Chloroplast Genetic Engineering System for Vaccine Production

Growing Creative Biolabs led a professional R & D team to master the vaccine and accumulated rich experience in the development and production of vaccines, focusing on cutting-edge technology in vaccine development, while continuing to innovate and evolve existing technologies makes us situated in the leading position in vaccine industry. We have a rich and complete research and development system, the ability to solve all problems you met. In terms of vaccine expression, we are constantly improving and enriching our service system and will spare no effort to serve for you.

chloroplast Expression Systems

By far, nearly 50 recombinant subunit vaccine candidates have been produced in chloroplast expression systems. The chloroplast genetic engineering technology has many advantages, including high-level expression of the target gene, single transformation of multiple genes, maternal inheritance of the transgene, and avoidance of gene silencing and site effects.

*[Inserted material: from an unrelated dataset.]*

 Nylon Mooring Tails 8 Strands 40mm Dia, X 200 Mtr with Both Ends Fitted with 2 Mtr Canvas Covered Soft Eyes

Due to maternal inheritance, chloroplast expression is largely less risky for transgenic crops to transfer foreign genes to other crops through pollen. These characteristics enable the chloroplast genetic engineering system a promising technology to produce vaccines against bacteria, virus and other pathogens.

Vaccine antigens made in chloroplast – Creative Biolabs

Fig. 1 Vaccine antigens made in chloroplasts prevents human infectious diseases. (Daniell H and Chan HT, 2016)

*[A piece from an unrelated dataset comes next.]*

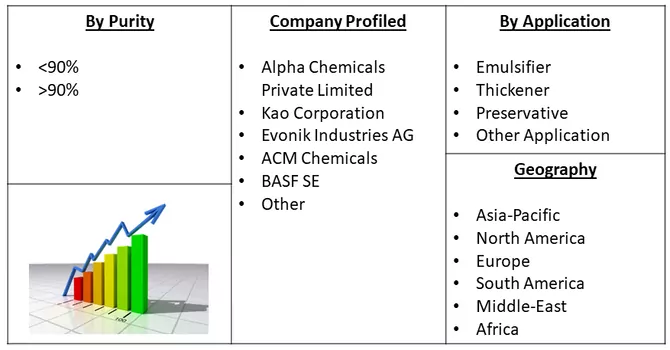 Glycerol Monostearate Market Segment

Nuclear transgene integration usually occurs through non-homologous recombination, while chloroplast genome transformation can only be achieved by homologous recombination, and the insertion site of the target gene is critical for gene expression levels. There are two integration sites that are frequently used, one in the operon in the transcriptionally active spacer of the same strand and the other in the transcriptionally silent spacer in the opposite strand. Among them, the most widely used site is trnA / trnI in the 16S rRNA operon of the chloroplast genome, and the regions presenting a lower expression level between rbcL and accD are also used.

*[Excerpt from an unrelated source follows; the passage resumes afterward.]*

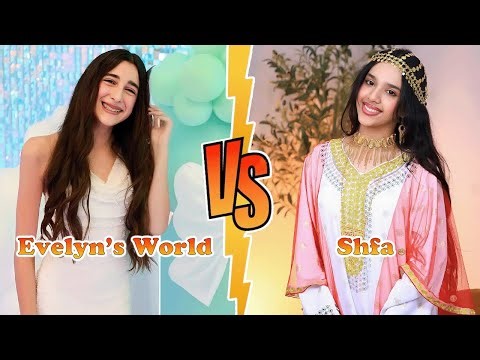 Evelyn's World VS Shfa Transformation 🌈 MiniToStar From Baby To 2026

Schematic representation of chloroplast vector – Creative Biolabs

Fig. 2 Schematic representation of the chloroplast vector. (Jin S and Daniell H, 2015)

The most commonly used transformation methods for obtaining stable plastids are the biolistic and the PEG method. Biolistic is time-efficient, easy to manipulate and express antigens at high level, leading to its wide application. The PEG method is commonly used to introduce biologically active DNA into the plant nuclear genome, as well as for chloroplast transformation. The chloroplast transformation process is usually divided into four steps: 1) The transformation vector carrying the foreign gene is introduced into the chloroplast by a gene gun or other transformation system. 2) The exogenous gene expression frame is integrated into the chloroplast genome by homologous recombination. 3) Screening for successfully transformed chloroplast cells. 4) Subculture to obtain stable chloroplast transformed plants.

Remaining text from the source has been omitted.